The chaos that is coming is probably more dangerous than what has occurred throughout the Arab world. The fighting between the indigenous tribal leaders is almost guaranteed: Assad’s remaining Alawites, their Shiite brothers, the Sunni majority, the Christians and Druze minorities are all likely to start major gang warfare. Whether the rebels can create any form of stability amidst what undoubtedly will be a humanitarian tragedy is unlikely. If the U.S. and the West do intervene—presumably for humanitarian reasons—there is no guarantee that peace and tranquility will be restored. Wishing that the U.N. could stabilize the situation is sadly nothing more than blowing out hot air. The Arab leaders themselves know that intervention will not bring stability.

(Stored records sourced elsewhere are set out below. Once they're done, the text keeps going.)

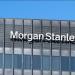 "مورجان
      ستانلي":
      ارتفاع
      الأسهم
      الدفاعية
      رغم
      الركود
      والغضوط
      على
      الفيدرالي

What the Times offers, correctly is for the U.S. to be prepared for all eventualities, unlike what happened in Iraq, to help create stability after Assad leaves. That having been said, why is the Times so naïve?  Do the Times editors believe that once Assad goes the Sunnis, the Shiites, the Alawites, and the Christians will all sit down and make nice with each other? They have been kept together until now because Assad was their common enemy. Does the Times think that Hezbollah, Iran, Al Qaeda, and other jihadists will join them for coffee?  Do the editors believe that Turkey and the Kurds are about to relax once Assad is gone?  It will be shades of “whose got the conch” in Lord of The Flies, except they will be “playing” with chemical and biological weapons!

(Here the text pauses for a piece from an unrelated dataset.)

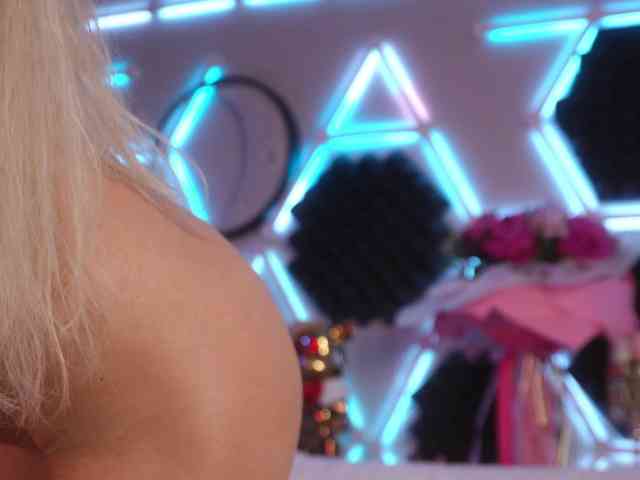 ALVUWKA webcam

How difficult would it be for Iran to ferry in forces to take over Syria or, as is more likely, it would be no problem for Iran (and probably the Russians) just to pour in supplies and military equipment to support the Shiites?  Finally, did it not occur to the Times editors in their discussion of the destabilizing consequences following Assad’s departure, as to what might be the upshot between Syria and Israel? It is precisely along the Golan Heights and against Israel that all these various forces might be able to align themselves into a unified force; when in doubt blame the Jews (read Israel).